__Description of the task__.
Omit all pictures. Reproduce exactly the lines from the first line of the records below through the line with "FolkArt • multi-surface linen 59ml".

BEGIN Listed records

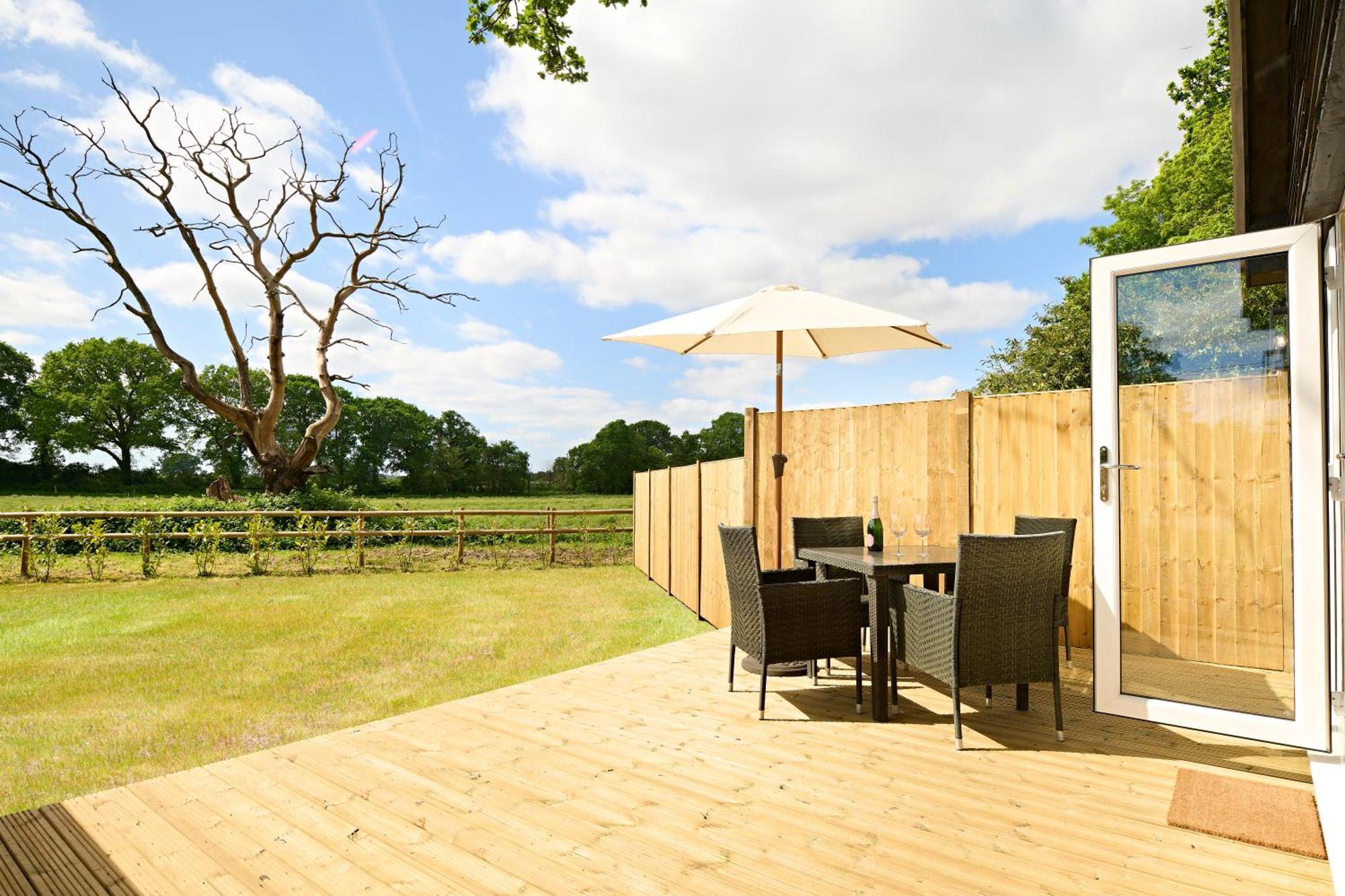 Tyrrells Park Ringwood Exterior foto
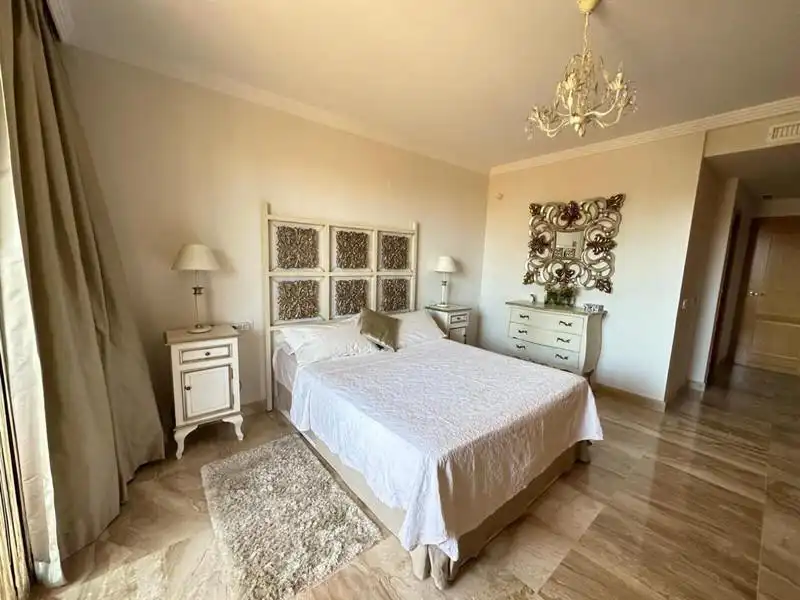Pis de 130 m² a Estepona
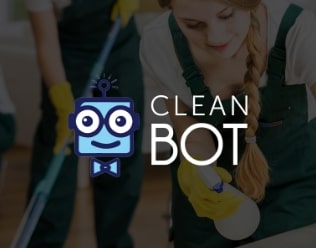 Clean Bot - Уборка квартир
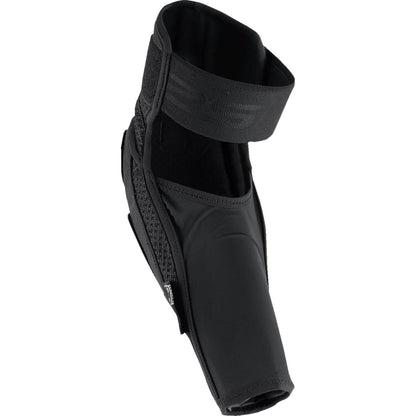 Alpinestars Bionic Pro Plasma Elbow Protectors - Black/Red/White_1488986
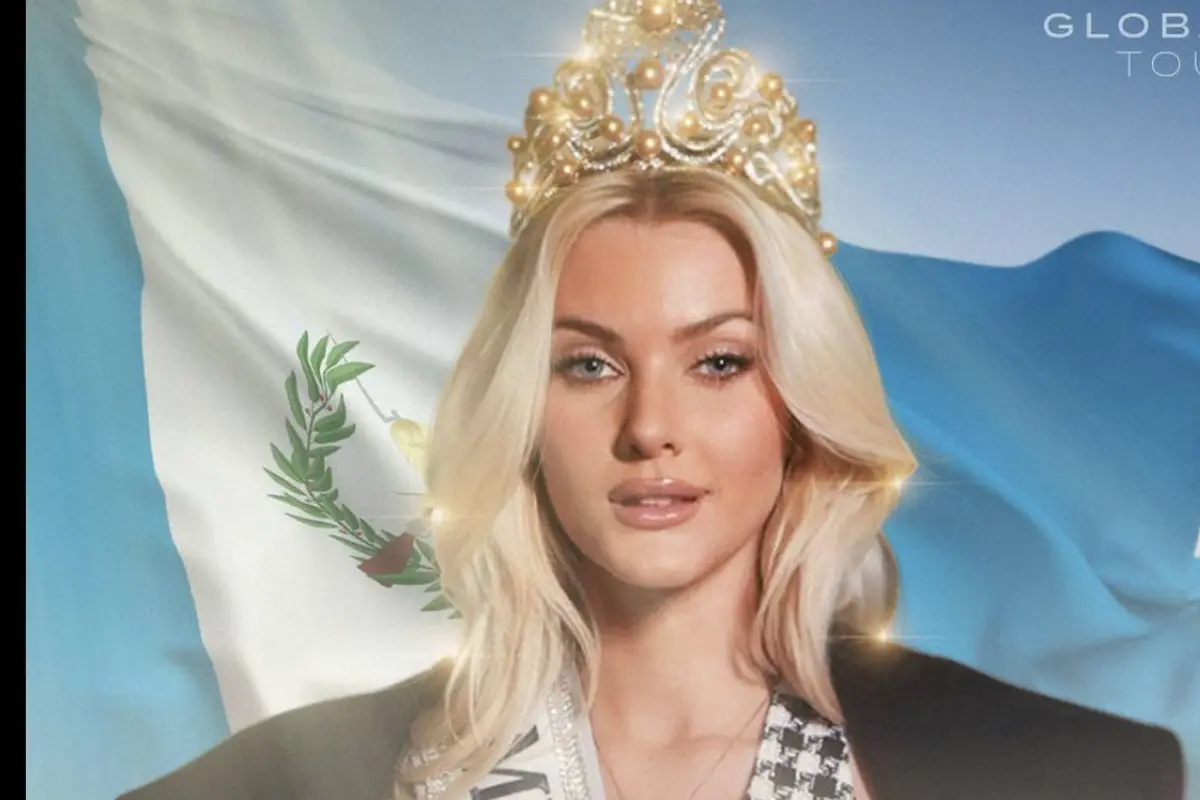 Miss Universo, Miss Universo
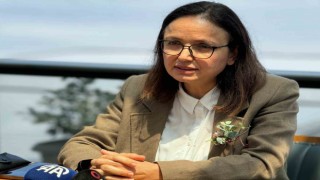 Vali Kayadan Yalova Film Festivaline davet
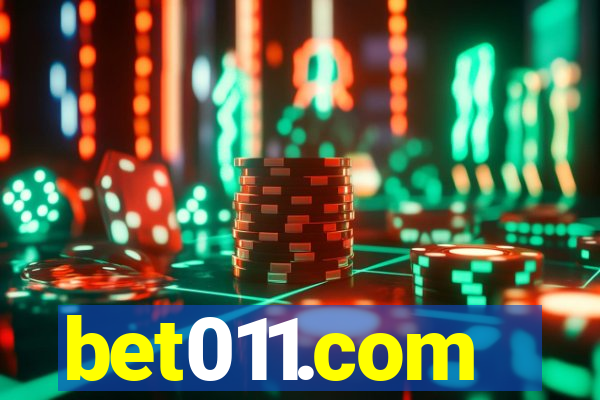 bet011.com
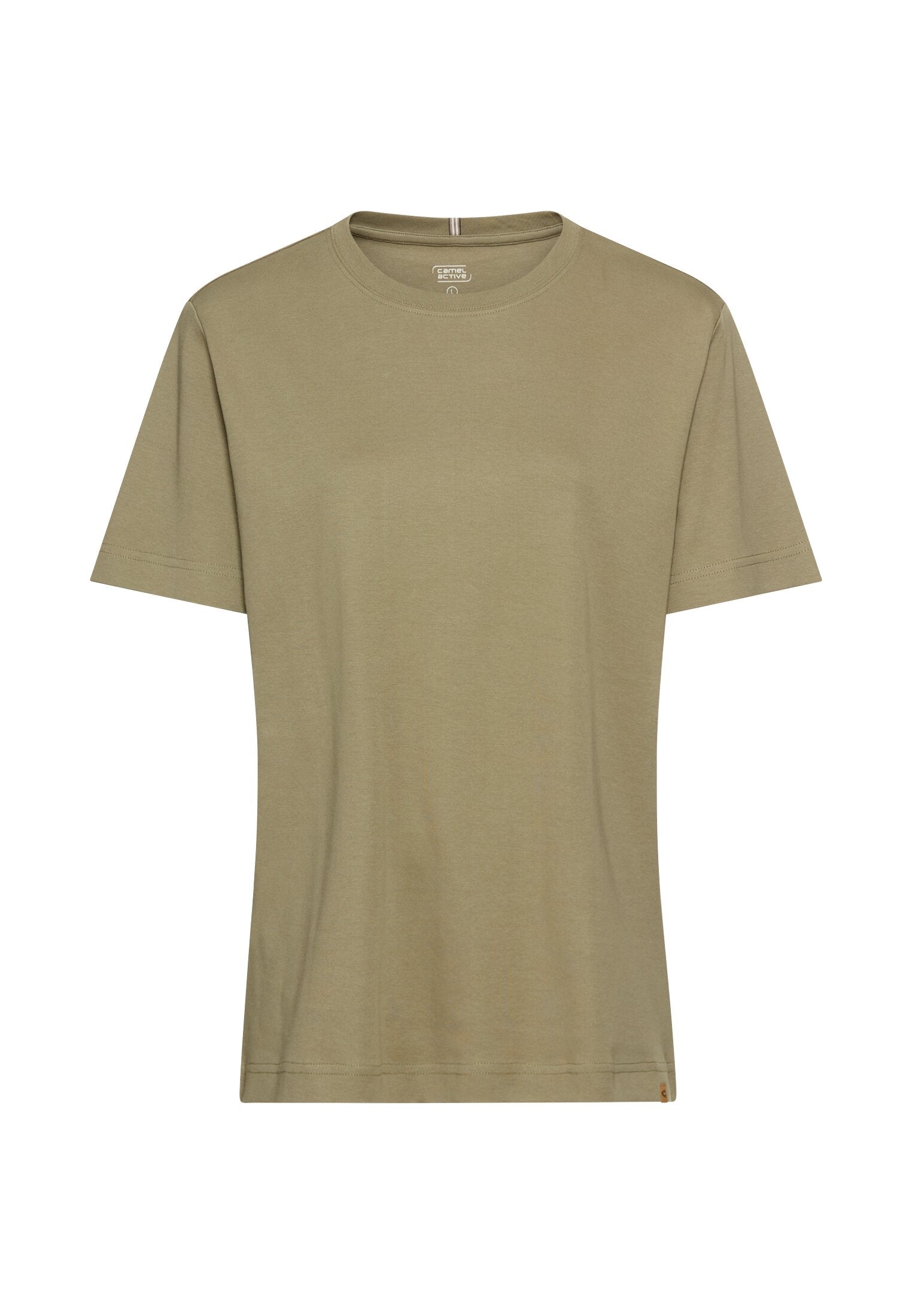 T-Shirt - Baumwolle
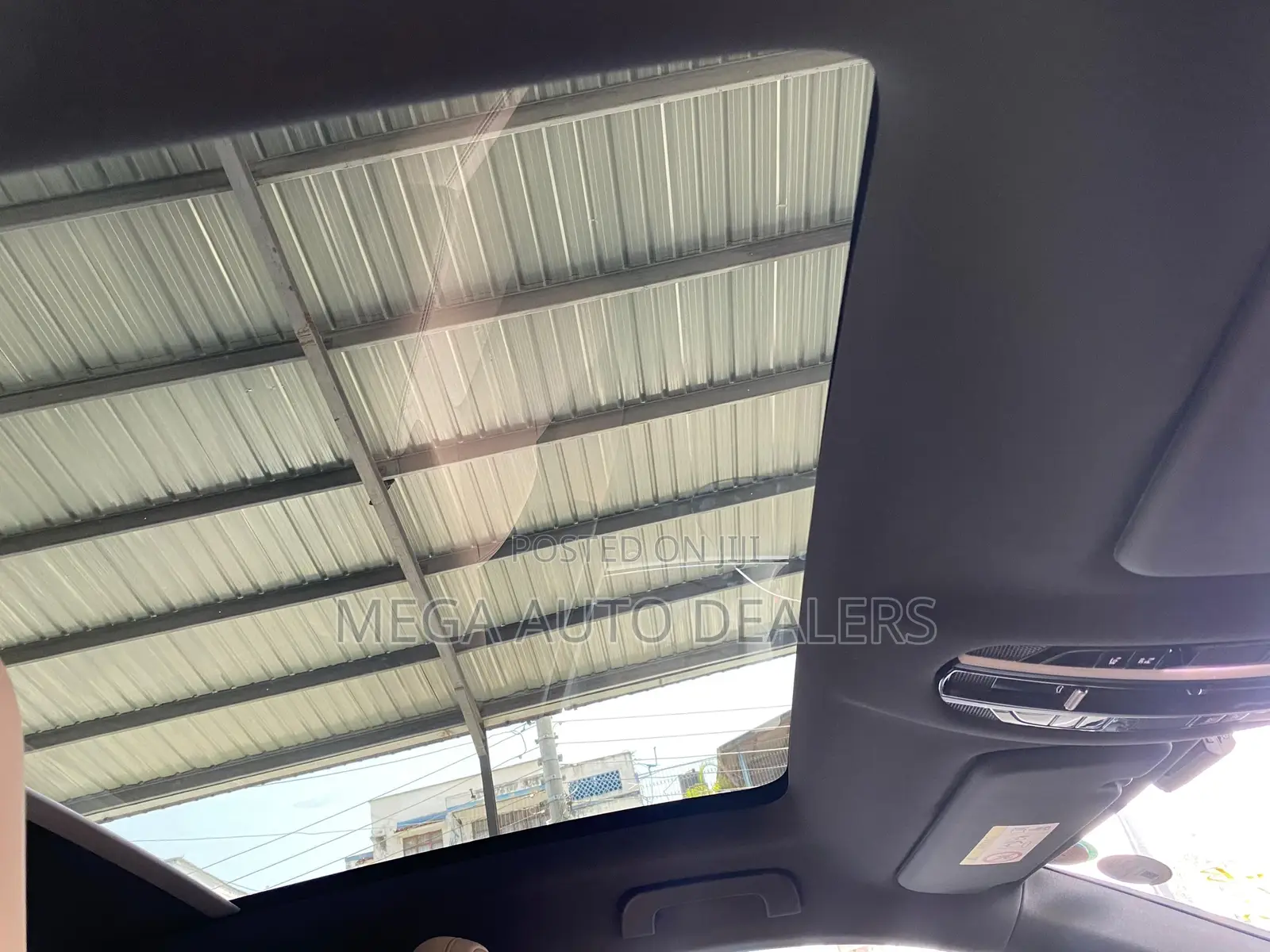 Porsche Cayenne 2020 White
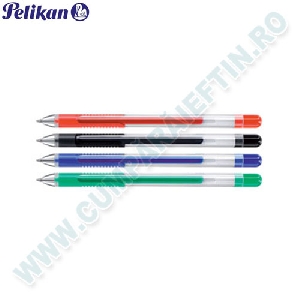 Pix cu gel Pelikan Soft Gel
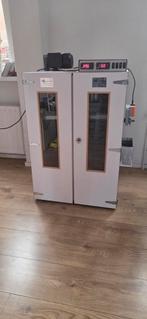 MS 500 broedmachine, Ophalen, Zo goed als nieuw, Broedmachine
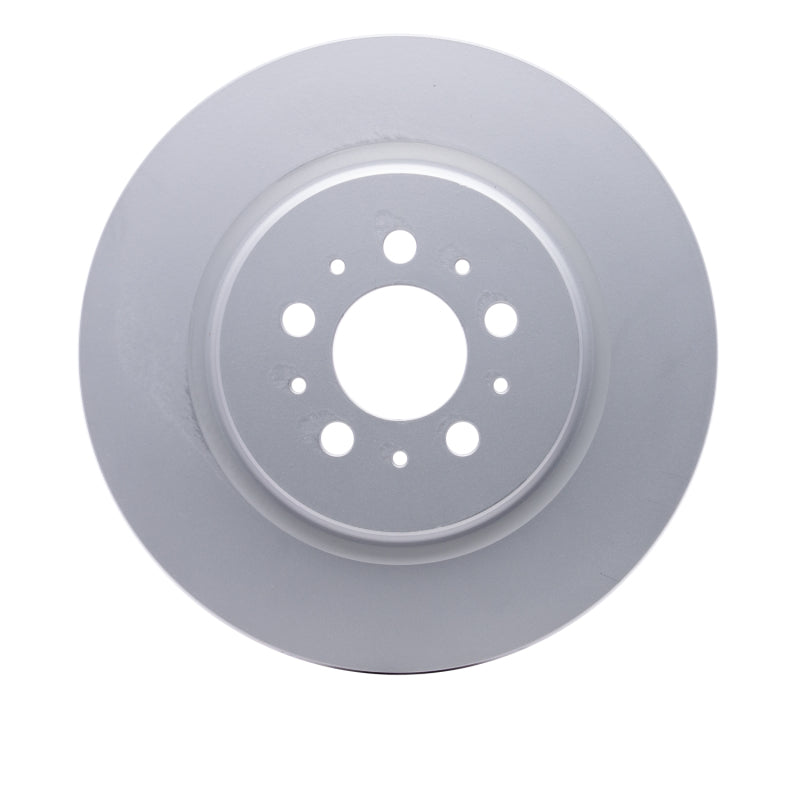 DFC 04-07 Volvo V70/S60 Rear GeoSPEC Coated Rotor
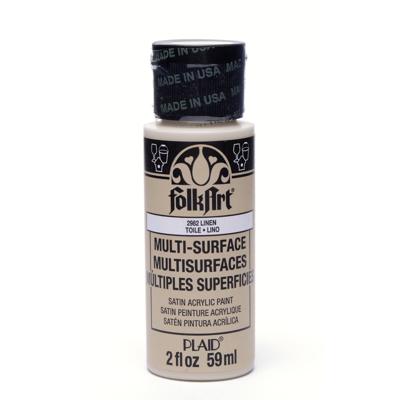 FolkArt • multi-surface linen 59ml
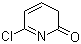 6-Chloro-2(3H)-pyridinone molecular structure (CAS 887570-97-0)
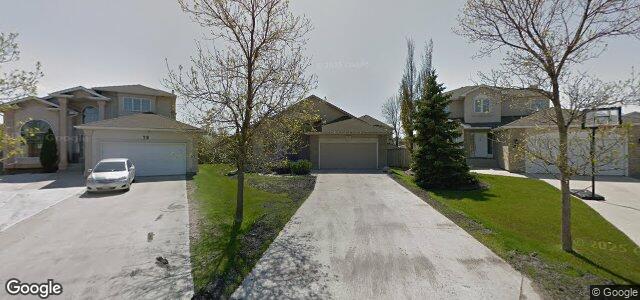 74 Stonington Bay（加拿大曼尼托巴省温尼伯市）房屋照片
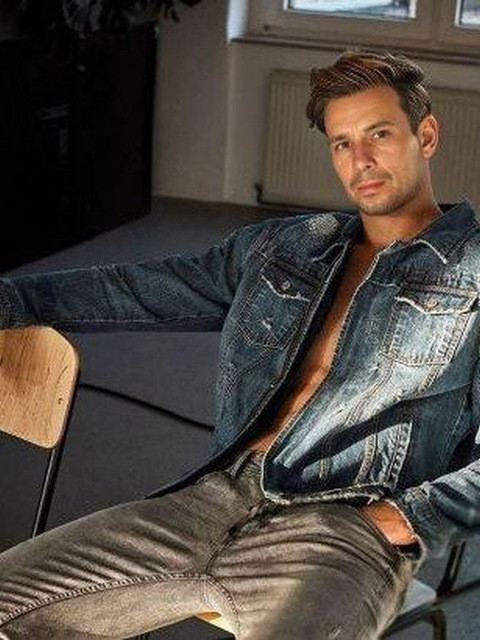 Дима Сабянин, Россия, Геленджик. Фото на сайте ГдеПапа.Ру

END Listed records

__Task response__.
 Tyrrells Park Ringwood Exterior foto
Pis de 130 m² a Estepona
 Clean Bot - Уборка квартир
 Alpinestars Bionic Pro Plasma Elbow Protectors - Black/Red/White_1488986
 Miss Universo, Miss Universo
 Vali Kayadan Yalova Film Festivaline davet
 bet011.com
 T-Shirt - Baumwolle
 Porsche Cayenne 2020 White
 Pix cu gel Pelikan Soft Gel
 MS 500 broedmachine, Ophalen, Zo goed als nieuw, Broedmachine
 DFC 04-07 Volvo V70/S60 Rear GeoSPEC Coated Rotor
 FolkArt • multi-surface linen 59ml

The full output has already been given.